Search code examples
machine-learningoptimizationneural-networkpytorchbackpropagation

How to register a dynamic backward hook on tensors in Pytorch?


I'm trying to register a backward hook on each neuron's weights in a network. By dynamic I mean that it will take a value and multiply the associated gradients by that value.

From here it seem like it's possible to register a hook on a tensor with a fixed value (though note that I need it to take a value that will change). From here it also seems like it's possible to register a hook on all of the parameters -- they use it to do gradients clipping (though note that I'm trying to only do it on each neuron's weights).

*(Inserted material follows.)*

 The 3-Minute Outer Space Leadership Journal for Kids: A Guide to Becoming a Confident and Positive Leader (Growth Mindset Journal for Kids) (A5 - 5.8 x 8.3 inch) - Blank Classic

If my network is as follows:

class Model(nn.Module):
    def __init__(self):
        super(Model, self).__init__()

        self.fc1 = nn.Linear(3,5)
        self.fc2 = nn.Linear(5,10)
        self.fc3 = nn.Linear(10,1)

    def forward(self, x):
        x = torch.relu(self.fc1(x))
        x = torch.relu(self.fc2(x))
        x = torch.relu(self.fc3(x))
        return x 

The first layer has 5 neurons with 3 associated weights for each. Hence, this layer should have 5 hooks that modifies (i.e change the current gradient by multiplying it) their 3 associated weights gradients during the backward step.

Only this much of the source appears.